Para el anónimo narrador de Austerlitz (2001), el reloj destruye la posibilidad de un tiempo subjetivo, con su aguja que, al moverse cada minuto, semeja “la espada del verdugo”. Jacques Austerlitz, personaje que encarna las consecuencias del debilitamiento de la historicidad, a quien oímos por boca del narrador, estudia la arquitectura de la modernidad industrial, sus monstruosas dimensiones derivadas de la acumulación de capital. En las estaciones de tren, con sus inmensos relojes sincronizados, fue gestada la temporalidad del comercio mundial.

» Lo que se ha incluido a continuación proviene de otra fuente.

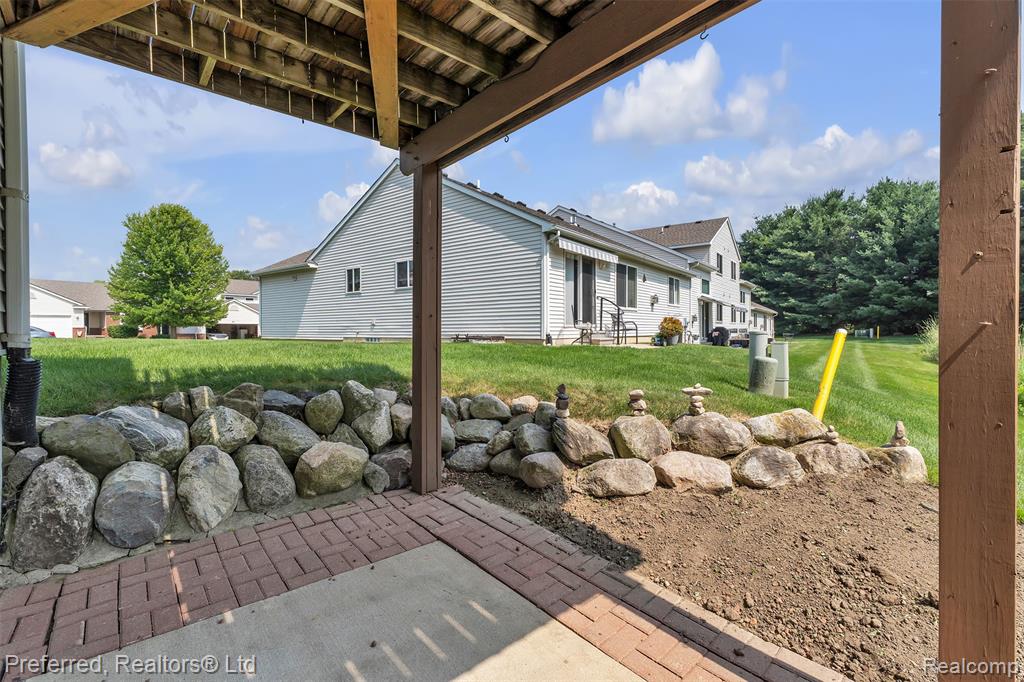 77 Sedum, Howell, MI 48843 — Photo 51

Austerlitz, como el hombre que en uno de sus relatos dispara a la torrecilla de un reloj, se niega a seguir la marcha de las manecillas:
Un reloj me ha parecido siempre algo ridículo, algo esencialmente falaz, quizá porque, por un impulso interior que nunca he comprendido, me he opuesto siempre al poder del tiempo, excluyéndome de la llamada actualidad, con la esperanza, como hoy pienso, dijo Austerlitz, de que el tiempo no pasara, no haya pasado, de forma que podría correr tras él, de que todo fuera como antes o, mejor dicho, de que todos los momentos de tiempo coexistieran simultáneamente, o más bien de que nada de lo que la historia cuenta fuera cierto, lo sucedido no hubiera sucedido aún…
Hijo de la Shoá, el protagonista menciona, en distintos momentos de la novela, mientras sigue las huellas de sus padres, víctimas del proyecto de aniquilación de los judíos europeos, la obsesión nacionalsocialista con lo cuantificable, con lo numérico. La relación del personaje con el tiempo es, así, autorreferencial, opuesta al ritmo destructor del proyecto capitalista. La velocidad de lo vivido depende para él de los espacios y sus condiciones, de las perspectivas y los objetos que detonan, súbitamente, epifanías, frecuentes en las estaciones de ferrocarril, donde lo mismo experimenta “la vorágine del tiempo pasado” en los andenes que la reunión de “todos mis temores y deseos reprimidos y extinguidos alguna vez” en una sala de espera. Desarraigado, melancólico, Austerlitz imagina un tiempo suspendido, transformado en espacios contiguos donde habitan y se comunican los vivos y los muertos.
Hacia el final de Austerlitz –una de las auténticas cumbres de la novelística contemporánea–, en el nuevo edificio de la Biblioteca Nacional de Francia, cuyo monumentalismo aplastante hace del lector un enemigo, el personaje se encuentra con Henri Lemoine, un conocido de la antigua sede. Ambos conversan sobre el colapso en curso: “la progresiva extinción de nuestra capacidad para recordar” ligada a la sobreabundancia de información. Ese desastre, añade Lemoine en referencia a la biblioteca, proviene de la necesidad de acabar con todo aquello que, en el pasado, se mantiene con vida. Austerlitz, como el resto de la obra de Sebald, es una “visita a los muertos”, la negativa a aceptar la liquidación de lo que nos antecede, el engendramiento de un presente expansivo, clausurado, desmemoriado. La tristeza de Jacques Austerlitz debería ser la nuestra: el triunfo de ese proyecto, la consumación de la borradura, certificaría que los datos brindados por la Historia son imprecisos: pese a lo consignado en los recuentos de la Segunda Guerra, pese a la derrota militar, los nazis, en realidad, habrían triunfado.
BIBLIOTECA
Los libros de Sebald abordados son (con su respectivo traductor): Vértigo (Carmen Gómez García), Debate, Barcelona, 2001; Los anillos de Saturno (C. Gómez García y Georg Pichler), Debate, Barcelona, 2000; Austerlitz (Miguel Sáenz), Anagrama, Barcelona, 2002; Campo Santo (M. Sáenz), Anagrama, Barcelona, 2007.
*Este texto forma parte de un ensayo sobre escritores radicales que prepara Nicolás Cabral.